Freedom of the city of expression
In Amsterdam, a city where cyclists reign, it’s still all about freedom for Catherine Mack
Catherine Mack and her son in Amsterdam
Someone asked me recently to sum up my feelings about travel in one word. I chose “freedom”. So, I was pleasantly surprised to find that my recent trip to Amsterdam captured that feeling more than any other city break.
I was travelling with my 10-year-old son and we cycled everywhere which, for an urban young one (and his oul one), was like a dream come true.
This is a city where cyclists reign and taking a guided city tour with Yellow Bike (yellowbike.ndl) was the best way to adjust to this revelation that we had a right to roam just as much as the four wheelers, although there aren’t many of those anyway.
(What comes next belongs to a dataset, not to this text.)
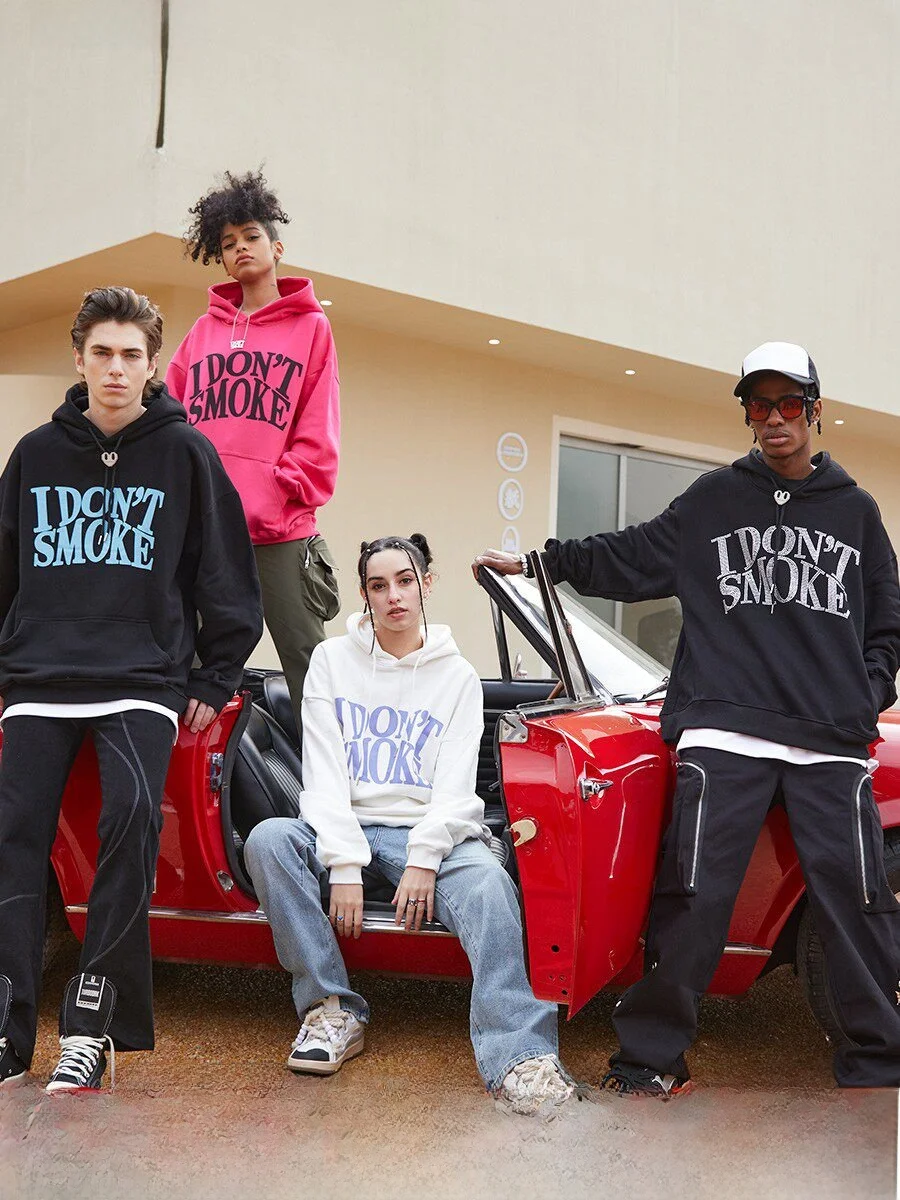 

Done American Sle Street Autumn Winter Fce Lined Hoodie Couple Print ing Logo Casual Loose Fit Cotton Polyester ...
Freedom is fundamental to Dutch people and our young cycling guide openly expressed his views on prostitution as we pedalled past prostitutes in the red-light district, and on the liberalisation of cannabis in the city as we cycled through clouds of the stuff. He talked about the horrors of sex trafficking hidden behind window displays and the dark side of the drugs industry hidden behind cosy cafes.
There was no editing for my 10-year-old. Why would there be? This is Amsterdam, where freedom of expression is the norm and I could see my son taking it all in, asking wise questions, and formulating his own opinions.
We hopped on and off boats, with bikes and without, taking an eco-friendly canal tour on an electric boat with Canal Hopper (canal.nl/en/canal-hopper) and nipping across the Ij lake on the free ferry which leaves from behind Central Station. Yes, free, with boats crossing every few minutes packed with cyclists heading over to enjoy the green spaces of the “Noord” side.
I asked a local how they could possibly be free and he said that the city had to give cyclists access across the river: “That is normal, is it not?” he said. Sadly, em, not.
There are lots of theories about why the Dutch celebrate a liberal approach to life. But standing in the beyond-poignant Anne Frankhouse (annefrank.org), I was struck by her entry on December 24th 1943, which said: “I long to ride a bike, dance, whistle, look at the world, feel young and know that I am free.”
As I cycled along the canals later with my son I realised that I had, in fact, chosen just the right word to sum up what travel means to me.